Drug addiction is recognized as a type of neuroadaptive disorder. Because the ERK1/2 pathway plays an important role in neuronal plasticity in the adult brain, understanding of the role of this pathway is critical for overall understanding of the molecular mechanisms underlying drug addiction and relapse. Exposure to a variety of substances with abuse potential, including nicotine, alcohol, amphetamine and cocaine, acutely active ERK1/2 in the striatum and other brain areas (94–97). Many of the enduring behavioral effects of acute drug exposure depend on ERK1/2 signaling. Studies have suggested that ERK1/2 is dynamically regulated following repeated drug exposure and withdrawal and that changes in ERK1/2 activation directly affect striatal cell excitability (98,99). These effects may be responsible for the expression of addictive behavior, and alterations of this pathway may contribute to the drug's rewarding effects and to the long-term maladaptation induced by drug abuse. Evidence indicates that ERK1/2 plays a dual role in gene regulation and drug addiction through direct activation of transcription factors, including Elk1 and cAMP response element-binding protein (CREB), and by chromatin remodeling via MSK1 and histone H3 phosphorylation (100,101). Because ERK1/2 activation is a key molecular process in drug self-administration, targeting it may be a potential treatment strategy for drug addiction.

Amyotrophic lateral sclerosis (ALS) is a CNS disease that causes the death of motor neurons and that can be either sporadic or familial origin. Mutant SOD1 is one of the genetic factors that contribute to the etiology of ALS, and mutant SOD1 induces motor neuron vulnerability. Phosphorylated ERK1/2 has been shown to be increased in the hippocampus and cerebellum in SOD1 G93A transgenic models (102). Apolloni et al (103) showed that ERK1/2 also participates in P2X7 receptor-induced enhancement of oxidative stress in ALS microglia, together with the NOX2 pathway. A previous study also identified ERK1/2 as a novel player in the pathogenesis of ALS associated with transactive response DNA-binding protein 43 (TDP-43) (77). A recent study also showed that depletion of TDP-43 in microglia strikingly upregulated the production of COX-2 and PGE2 through the activation of ERK1/2 signaling (61).
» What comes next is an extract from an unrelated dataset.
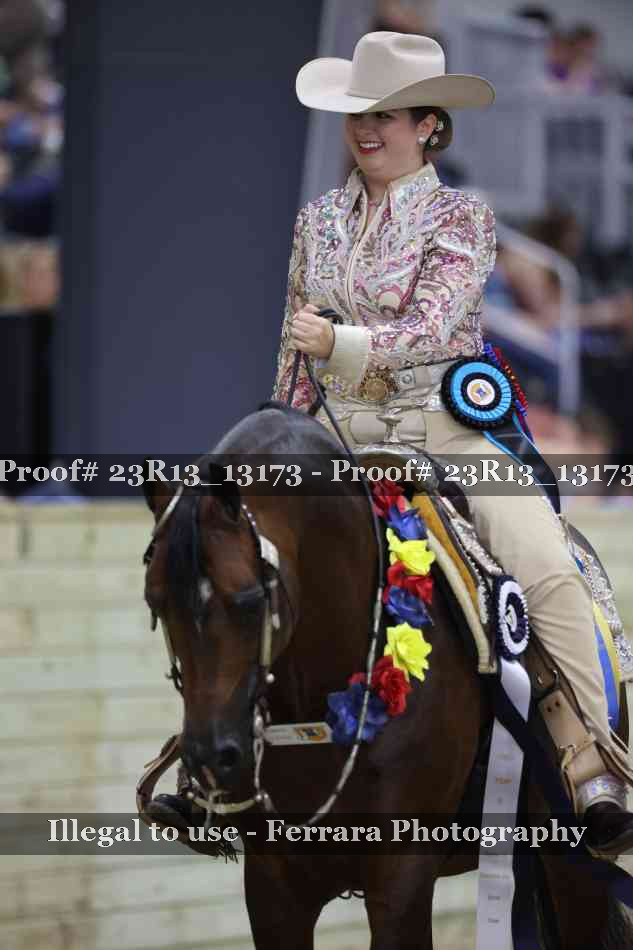 Proof Number 23R13_13173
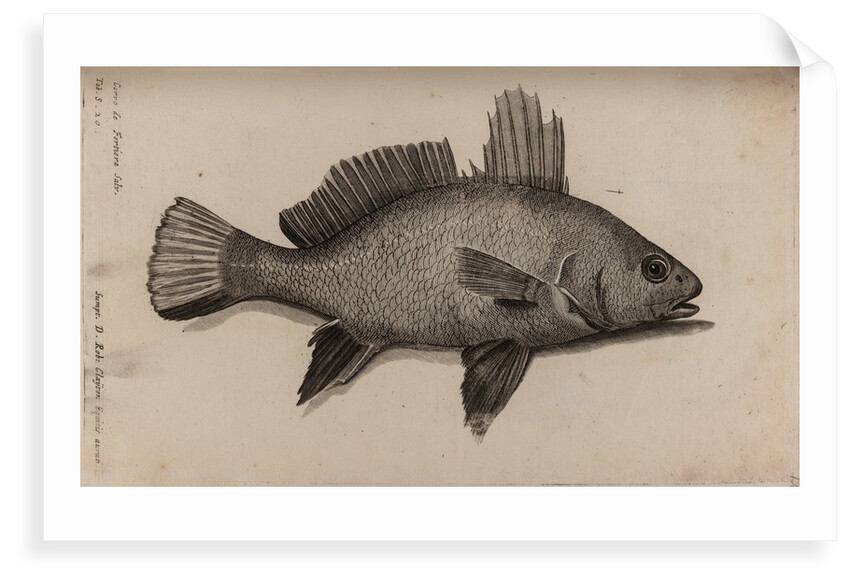 Brown meagre by Unknown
Huntington's disease (HD), a devastating neurodegenerative disease that is characterized by progressive and severe cognitive, psychiatric and motor dysfunction, is caused by an expanded CAG repeat in the huntingtin (Htt) gene. MAPK signaling, and particularly the Ras-ERK cascade, is among the pathways that have been implicated in HD. In response to mutant huntingtin, ERK1/2 is activated and directs a protective transcriptional response and inhibits apoptotic caspase-3 and -7 activation (104,105). Data from different model systems indicate that ERK1/2 is involved in HD excitotoxicity at both the intercellular and intracellular level (106–108). Pharmacological interventions that promote ERK1/2 activation could suppress the adverse effects of mutant Htt by activating pro-survival mechanisms and suppressing apoptotic responses. Thus, studies in both cells and animal models suggest that the ERK1/2 cascade may be a potential target for therapeutic interventions for currently untreatable disorders.